*About this exercise*. Word for word, copy the lines beginning at the one with "Belle Isle, Florida" and ending at the last line below; pictures stay out.

*Provided material*.
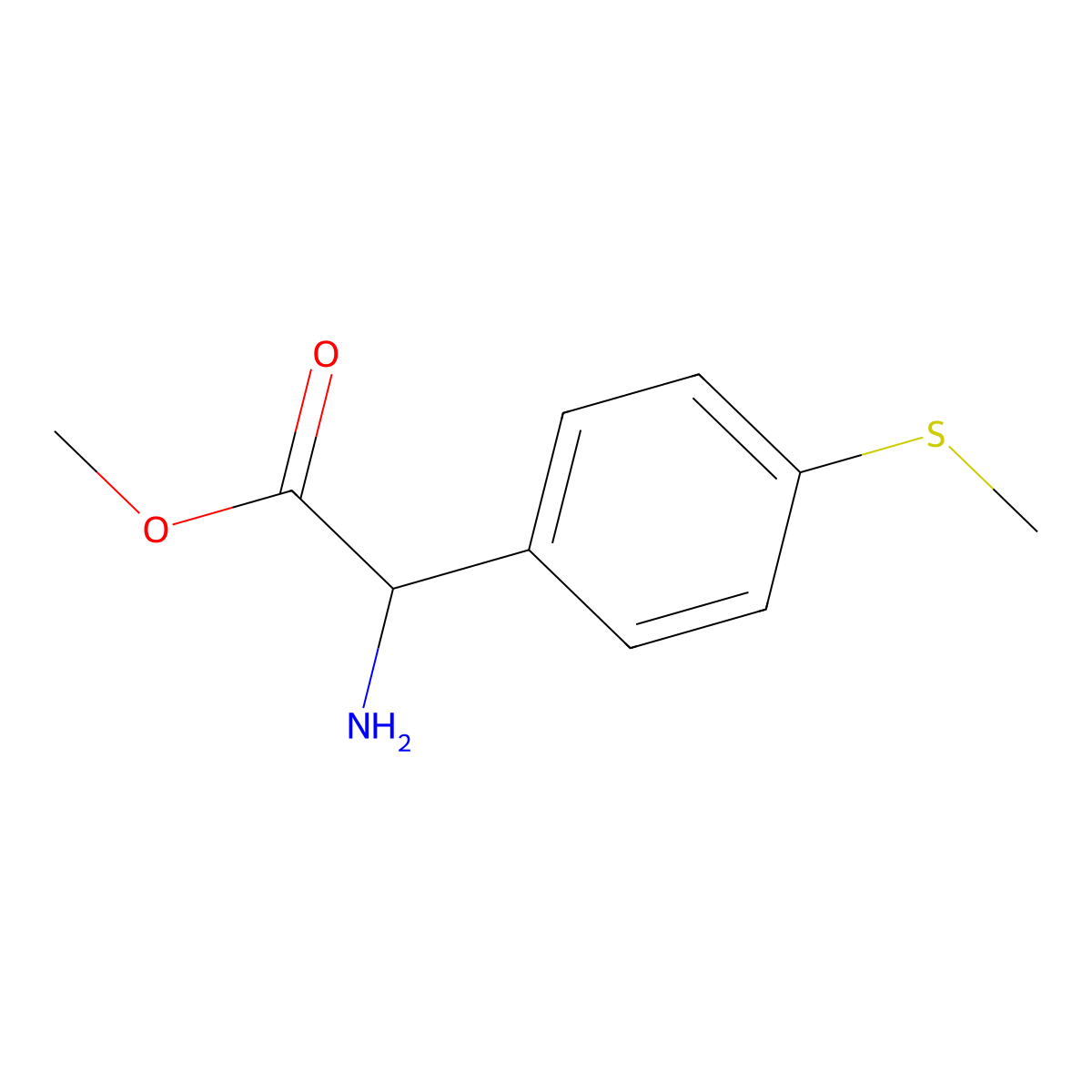 Methyl (R)-2-amino-2-(4-(methylthio)phenyl)acetate molecular structure, CAS 1821773-95-8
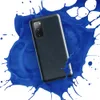 Glossy Midnight Navy Woven Texture Tough Case for Samsung — close-up woven textile texture in deep navy and indigo tones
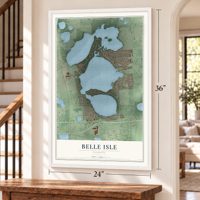 Belle Isle, Florida map, 24 x 36 inch print in a white frame by a staircase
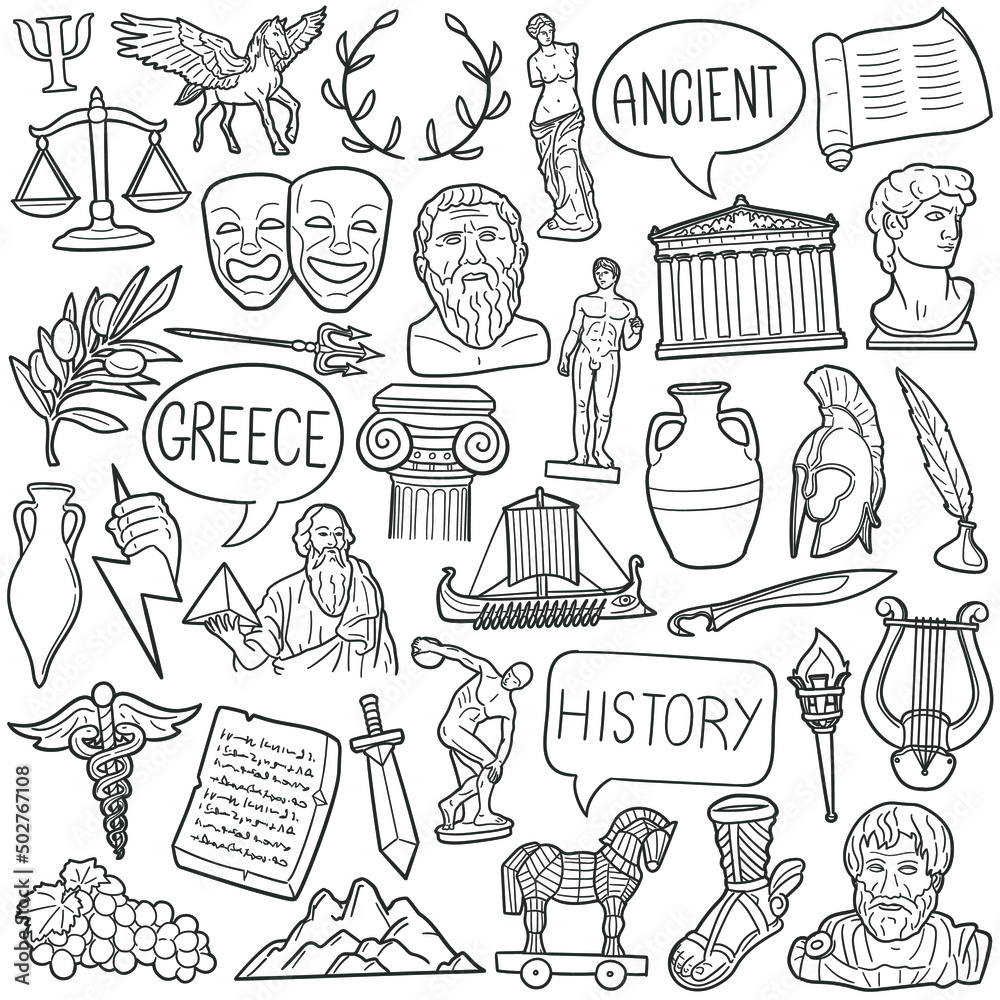 Classical Antiquity Doodle Icons. Hand Made Line Art. Greece Culture Clipart Logotype Symbol Design. - obrazy, fototapety, plakaty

*Written answer*.
 Belle Isle, Florida map, 24 x 36 inch print in a white frame by a staircase
 Classical Antiquity Doodle Icons. Hand Made Line Art. Greece Culture Clipart Logotype Symbol Design. - obrazy, fototapety, plakaty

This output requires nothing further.